Iklan - Scroll untuk Melanjutkan
Baca artikel IDN Times lainnya di IDN App
Menteri Luar Negeri Amerika Serikat, Antony J. Blinken ketika menerima wawancara eksklusif dengan IDN Times pada 14 Desember 2021. (IDN Times/Uni Lubis)

Jakarta, IDN Times - Menteri Luar Negeri Amerika Serikat (AS), Antony J. Blinken, menyatakan dengan tegas bahwa klaim sepihak China hingga ke perairan Laut Natuna Utara tidak bisa dibenarkan. Sebab, hal tersebut bertentangan dengan hukum laut internasional (UNCLOS).

Pernyataan Blinken itu untuk menanggapi protes yang dilayangkan oleh Negeri Tirai Bambu kepada Indonesia karena melakukan pengeboran di lepas pantai Natuna Utara pada pertengahan tahun ini.

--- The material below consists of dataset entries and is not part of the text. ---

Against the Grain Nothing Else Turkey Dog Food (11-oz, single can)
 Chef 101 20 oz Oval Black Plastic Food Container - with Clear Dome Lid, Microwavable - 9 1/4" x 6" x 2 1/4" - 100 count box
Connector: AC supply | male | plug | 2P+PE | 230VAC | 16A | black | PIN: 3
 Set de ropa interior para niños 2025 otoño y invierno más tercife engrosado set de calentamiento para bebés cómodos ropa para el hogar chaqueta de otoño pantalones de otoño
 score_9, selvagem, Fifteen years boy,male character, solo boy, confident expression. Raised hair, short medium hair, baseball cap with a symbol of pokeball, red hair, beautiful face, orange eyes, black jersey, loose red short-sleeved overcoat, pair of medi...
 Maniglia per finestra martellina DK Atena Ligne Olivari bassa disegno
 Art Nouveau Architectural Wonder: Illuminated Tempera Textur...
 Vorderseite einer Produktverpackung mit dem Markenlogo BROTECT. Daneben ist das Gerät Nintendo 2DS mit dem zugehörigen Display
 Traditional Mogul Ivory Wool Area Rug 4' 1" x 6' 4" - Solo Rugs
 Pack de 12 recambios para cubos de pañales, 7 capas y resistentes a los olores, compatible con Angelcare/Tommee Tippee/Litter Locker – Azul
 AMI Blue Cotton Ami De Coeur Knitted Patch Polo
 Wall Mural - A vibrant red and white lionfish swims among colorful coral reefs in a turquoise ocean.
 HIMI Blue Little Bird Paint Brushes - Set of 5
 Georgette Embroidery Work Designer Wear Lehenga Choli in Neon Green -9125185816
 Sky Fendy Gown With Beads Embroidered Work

"Ada aturan dan hukum internasional. Ada pula aturan hukum di laut dan kita semua harus mematuhi itu. Sayangnya China membuat klaim seperti itu yang tidak kami dukung atau benarkan di dalam hukum internasional," ungkap Blinken dalam wawancara eksklusif dengan IDN Times di Jakarta, Selasa (14/12/2021). 

Ia menambahkan, klaim sepihak China yang disebut sembilan garis putus-putus, dinilai Blinken menjadi salah satu elemen yang menyebabkan ketidakstabilan di kawasan Indo Pasifik. Padahal, kata dia, semua pihak yang berada di kawasan Indo-Pasifik memiliki kepentingan yang kuat untuk menjaga stabilitas di area tersebut. 

Dengan begitu, perdagangan bisa berjalan dengan lancar dan tanpa konflik. "Meski harapan saya, kita semua, termasuk China akan mengikuti aturan dan pemahaman yang telah disepakati sesuai dengan aturan hukum internasional. Bila kita semua melakukan itu, maka kawasan yang bebas dan terbuka bisa terwujud," tutur dia lagi. 

Negeri Paman Sam kemudian melakukan operasi militer untuk memastikan kebebasan navigasi tetap terjaga di Laut China Selatan. Dikutip dari laporan Reuters, sejak awal Januari 2021 lalu, Angkatan Laut AS ditugaskan ke LCS.

Armada laut tersebut dipimpin oleh kapal induk Theodore Roosevelt. Mereka memasuki kawasan LCS untuk mengampanyekan kebebasan di wilayah laut. Apakah ini berarti AS dan China sewaktu-waktu bisa terlibat dalam konflik terbuka?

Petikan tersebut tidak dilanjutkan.